The Trail of Tears, the forced migration of Choctaw, Chickasaw, Cherokee, and Seminole tribe members from their ancestral lands in the US Southeast to allowed territory in Oklahoma, resulted in the deaths of over 4,000 Native Americans along the way. What was everyday life on the Trail of Tears like? Thanks to many surviving first-hand accounts of the Trail, we have records of the harsh, brutal realities of daily life during over 1,000 miles of hard traveling.
In 1830, President Andrew Jackson signed the Indian Removal Act, a document that authorized the US government to to extinguish Indian titles to lands in the Southeast. The Treaty authorized the President to negotiate with Indian tribes in order to gain access and make improvements to their lands and offer resettlement funds to tribes and groups willing to move west. The treaty did not, however, grant him permission to forcibly remove Native inhabitants. The Trail of Tears was the result of treaties, forced government interventions, and wars between different tribes and the US government. This list documents some of the features of daily life on the Trail.
At many points on the Trail of Tears, migrating Indians were forced to go many miles off the main route to avoid towns and cities where residents did not want them to come through. In some places, landowners would charge them fees to cross over their lands. And the fees weren't cheap. For example, after traveling through Tennessee and Kentucky, the Cherokee reached Southern Illinois, but they had to cross the Ohio River to get there. To cross the river on a ferry, the Cherokee were charged a dollar a head (the equivalent of $22.26 today). Other users of the ferry, meanwhile, typically paid 12 cents (the equivalent of $2.67 today).
A soldier named John G. Burnett, a captain in Abraham McClellan’s company who was assigned to help translate on the Trail of Tears, recorded his memories of the Trail on his 80th birthday. He refers to the Trail as the “most brutal order in the History of American Warfare.”

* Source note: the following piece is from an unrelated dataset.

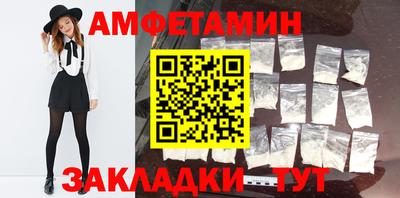 бутират Гагарин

While his recorded memories provide many deeply moving and personal details from the Trail, the weather is perhaps the brutal element of the Trail that he refers to the most. In May of 1838, the Cherokee were rounded up and put into stockades in Cleveland, Tennessee, until October of that year, when they finally began the Trail. This means that they completed the thousand-mile journey in the dead of winter. As Burnett remembers, many were forced to walk in bare feet with only the thinnest blankets for warmth as the sleet and snow fell on them. Due to the cold and exposure, many contracted illnesses like pneumonia and died as a result.
Samuel Cloud turned nine years old on the Trail of Tears, and his story was recorded by his great-grandson. Among the many sad reminiscences that Cloud recounts, the very ending of his story stands out in its perversity. Cloud writes that he hates “the white people who lined the roads in their woolen clothes that kept them warm, watching [the Indians] pass.”
If we picture this scene, sick and dying Native Americans are struggling over miles of freezing, desolate lands, removed from their ancestral homelands, forced by the US government to an unknown place in order to survive. And, as they struggle, white spectators stand along the road, offering nothing, staring on in silence.
Many Cherokees brought their slaves along the Trail of Tears with them as they moved from their homeland in Tennessee to the land allotted to them in Oklahoma. These African-American slaves were not only tasked with dealing with the incredibly inhospitable conditions of the Trail, but they also had to serve their Cherokee masters while they traveled. They hunted for food and prepared it, washed clothes, cared for the sick, guarded camps, and served as scouts along the Trail.